Wezel grew up in Berlin, playing Germany’s version of football with his younger brother. But he outgrew soccer and became captivated with American football when attending games of the Berlin Thunder of the now-defunct NFL Europe. He played the sport for three years in Germany before heading to the States, spending a prep year at the Salisbury School in Connecticut.

Maine’s coaches saw him there, and Wezel chose the Black Bears over New Hampshire and Rhode Island. It’s been a great fit, he said. Wezel is finishing up a marketing degree, has made many friends on the football team and has found a second family of sorts through his girlfriend, a UMaine graduate who lives in New Hampshire. Wezel hasn’t been home in three years, but his mother and brother watch his games online.

Wezel played offensive and defensive line at Salisbury, where he struggled at times with the language barrier, constantly having to turn around to have his quarterback repeat play calls.

When it came to college, there was no question he would stay on offense.

“I like protecting the quarterback. I like the camaraderie of the five offensive linemen. We all have to do the same thing together to achieve good stuff,” Wezel said. “As a defensive lineman, you can do your own thing and still make a good play.”

In that respect, the offensive line is more like soccer, Wezel said.

Wezel wasn’t happy with his play during spring practices, saying he had concentrated too much on adding muscle and sacrificed speed in the process. So he spent the summer shedding 10 pounds and working on his lateral quickness and agility, a decision he said is paying off.

Still, his size can be a detriment in the interior of the offensive line because much shorter defensive tackles have found it easier to knock him off balance.

“They always have the better leverage,” Wezel said. “It’s important for me to stay low, keep my pads low. It’s one of the things I have to concentrate on. The first step I take, I get my chest up sometimes.”

It’s been a difficult start to the season for the offensive line, a close-knit unit with a great deal of game experience. Wezel started seven games a year ago. The Black Bears have put up only 10 points in season-opening losses to FBS opponents Boston College and Tulane.

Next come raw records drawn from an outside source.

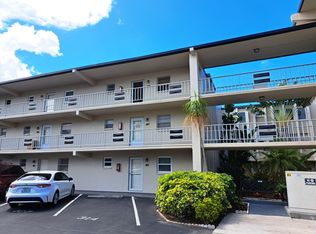 9940 47th Ave N APT 320, Saint Petersburg, FL 33708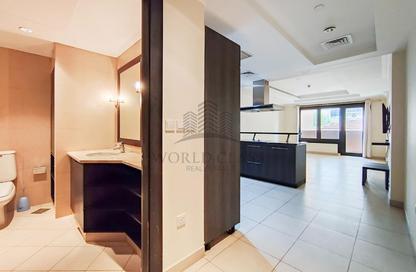 Apartment - Studio - 1 for rent in East Porto Drive - Porto Arabia - The Pearl Island - Doha
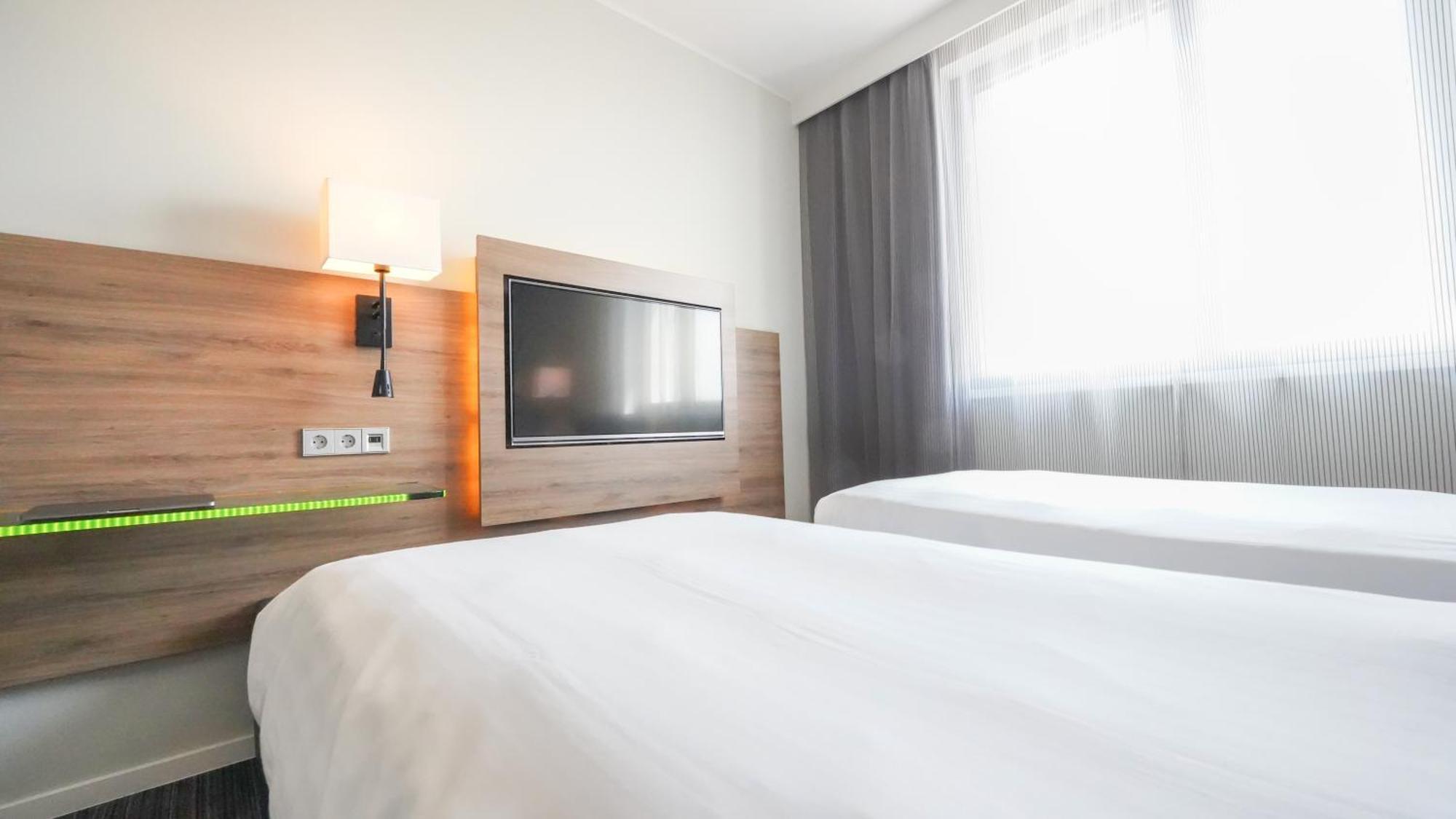 Moxy Oslo X 4* Skjetten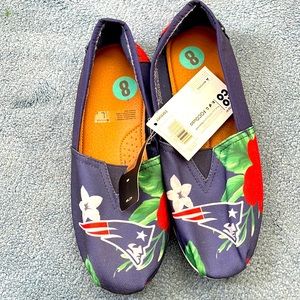 NWT! Team Beans New England Patriots Shoes. Tags state Large/Size 8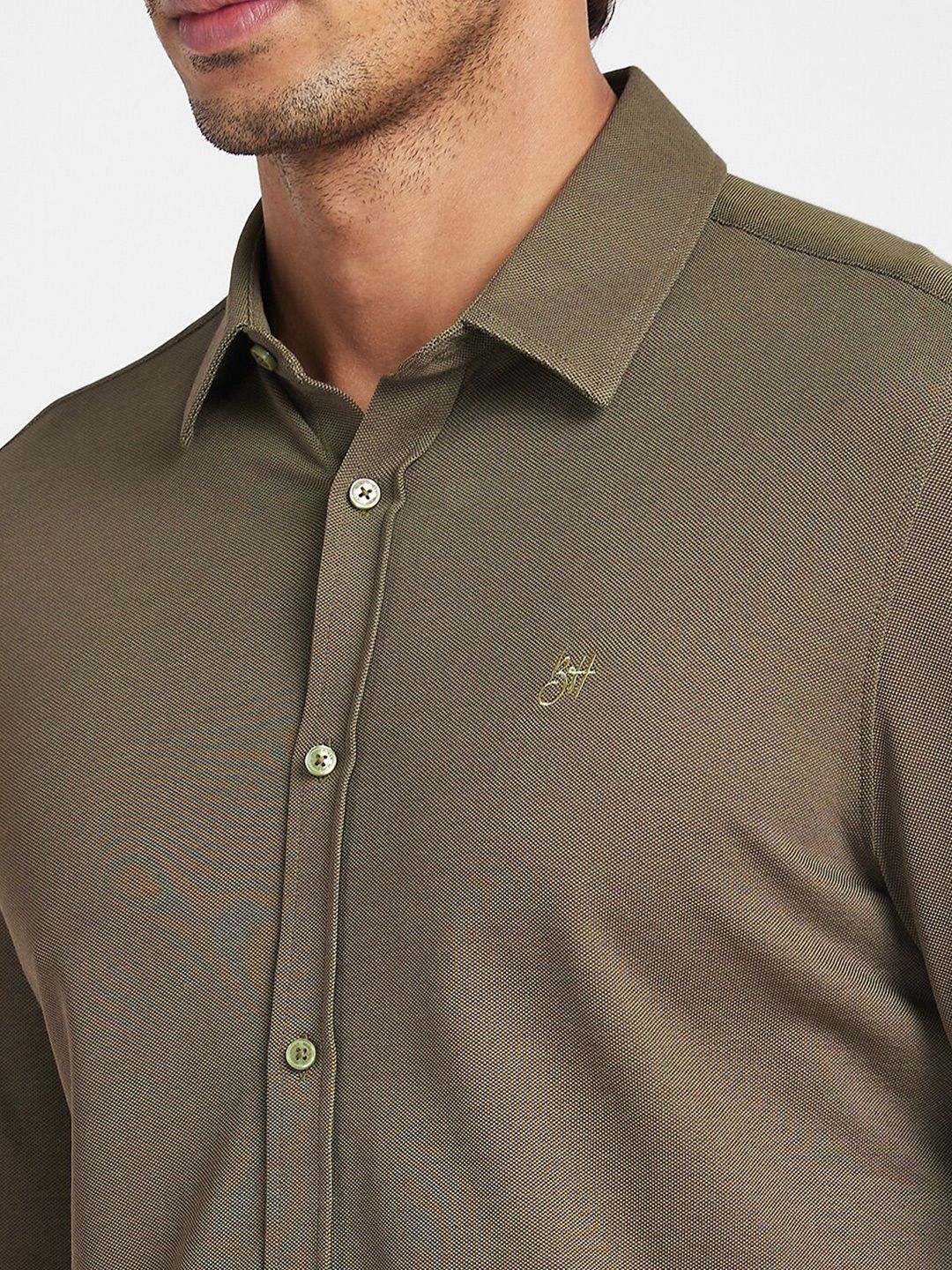 Being Human Slim Fit Opaque Casual Shirt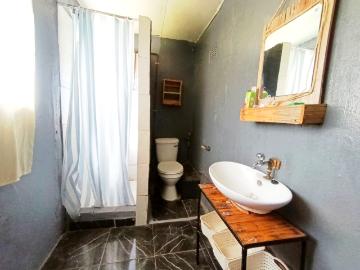 4 Bedroom House For Sale in Haddon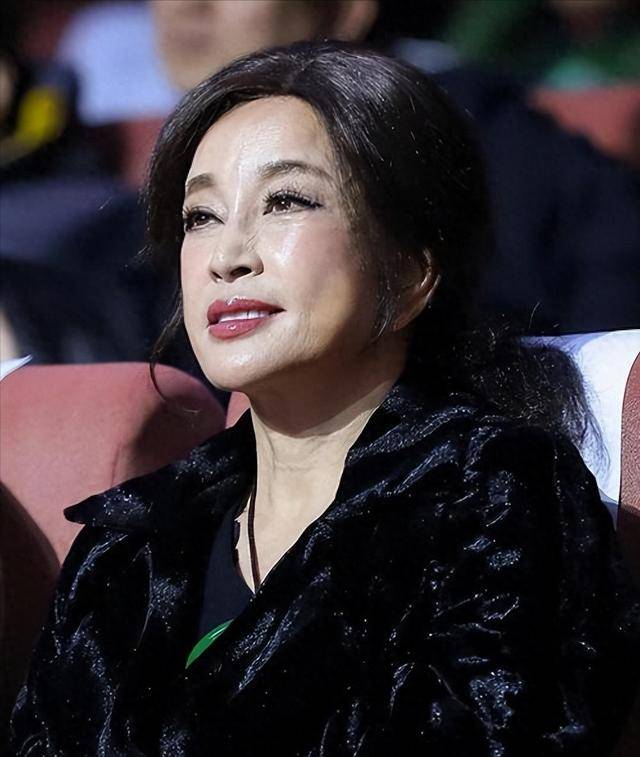 凌晨在北京去世？75岁“风流妖精”刘晓庆，给内娱明星们上了一课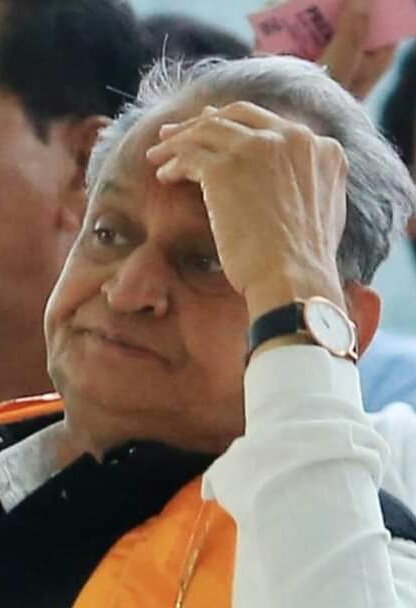 मुख्यमंत्री गहलोत की मुख्यमंत्री पद पर बने रहने की ज़िद ने कांग्रेस को राजस्थान में कमजोर करके रख दिया, सचिन पायलट के सब्र न करने की उनके सिर पर लटकी तलवार | New India Times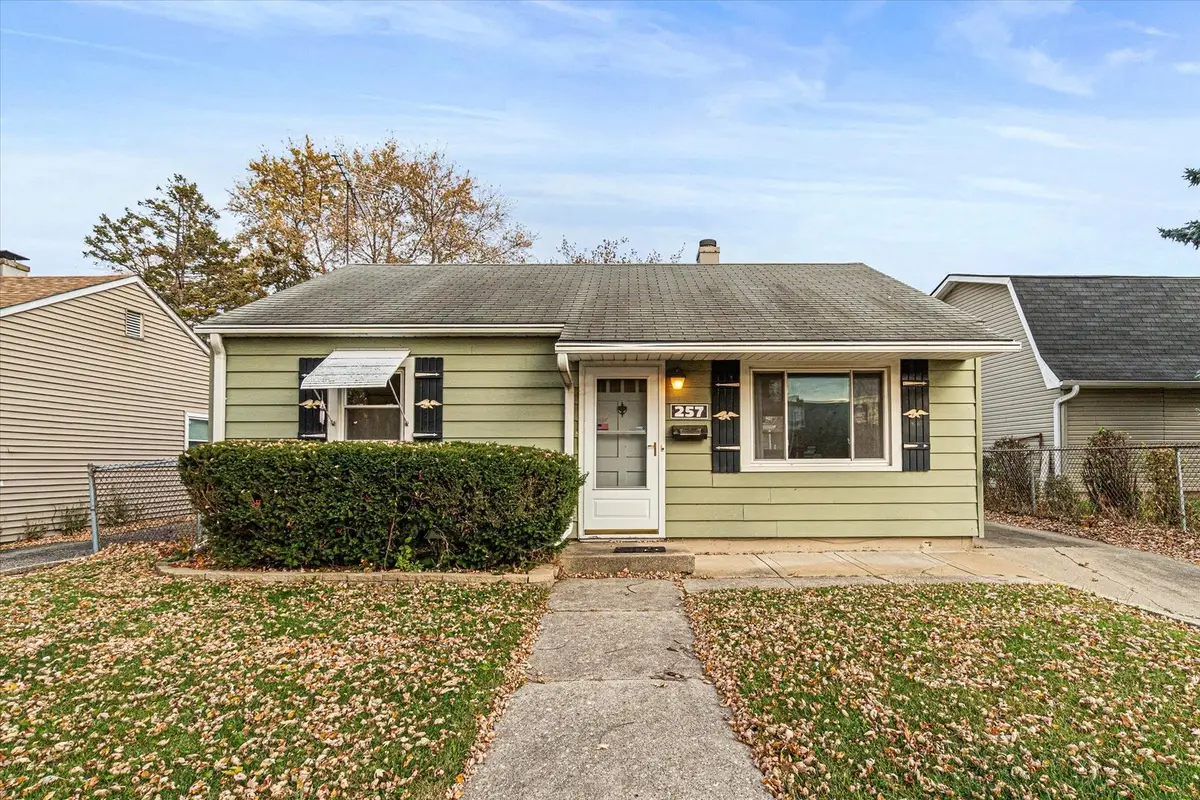 257 Vermont Avenue, Aurora, IL 60505 - Image #1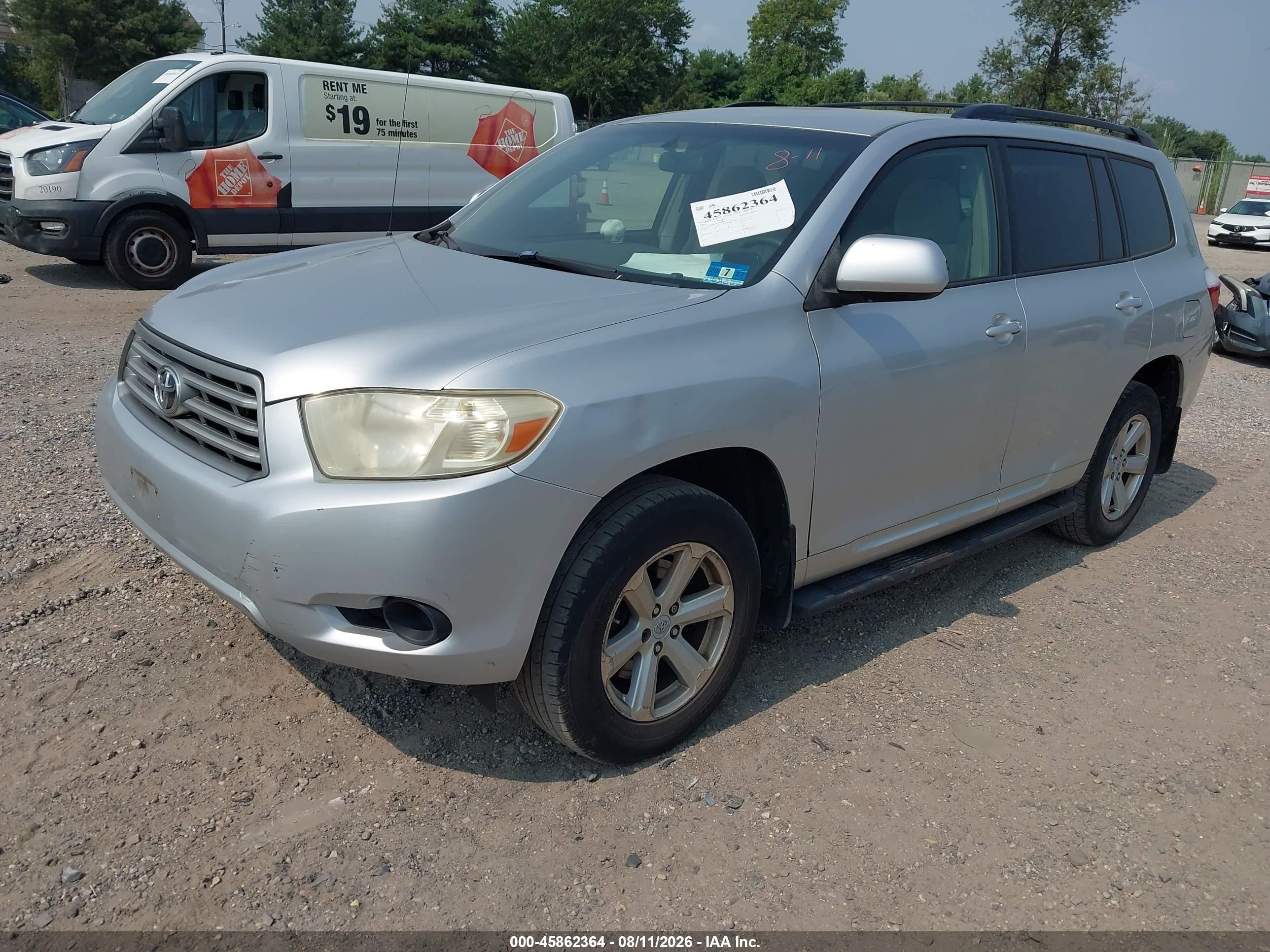 2008 Toyota Highlander   Silver vin: JTEDS41A282022281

Cosgrove said none of the linemen have graded out to his expectations. He’d like to see Wezel, in particular, be more tenacious when firing off the line.

Wezel, who comes across as extremely mild-mannered, said that’s the plan. His grasp of a sport that is so foreign in his home country that no games are ever televised has improved dramatically in his six years in America.

Burrows said Wezel takes a back seat to nobody when studying film and understanding strategy.

His English has improved as well. Wezel chooses his words carefully, even stopping in mid-sentence to correct his grammar while answering a reporter’s question.

Burrows has helped out by tossing in German salutations when he sees Wezel, making it a point to wish him “Guten Morgen” (good morning).

“It makes my day every day when he says that,” Wezel said. “My roommate, Bruce Johnson, also, he speaks some German. Usually just the curse words.”

The next goal is to get the Rhode Island defensive line cursing. In English or German.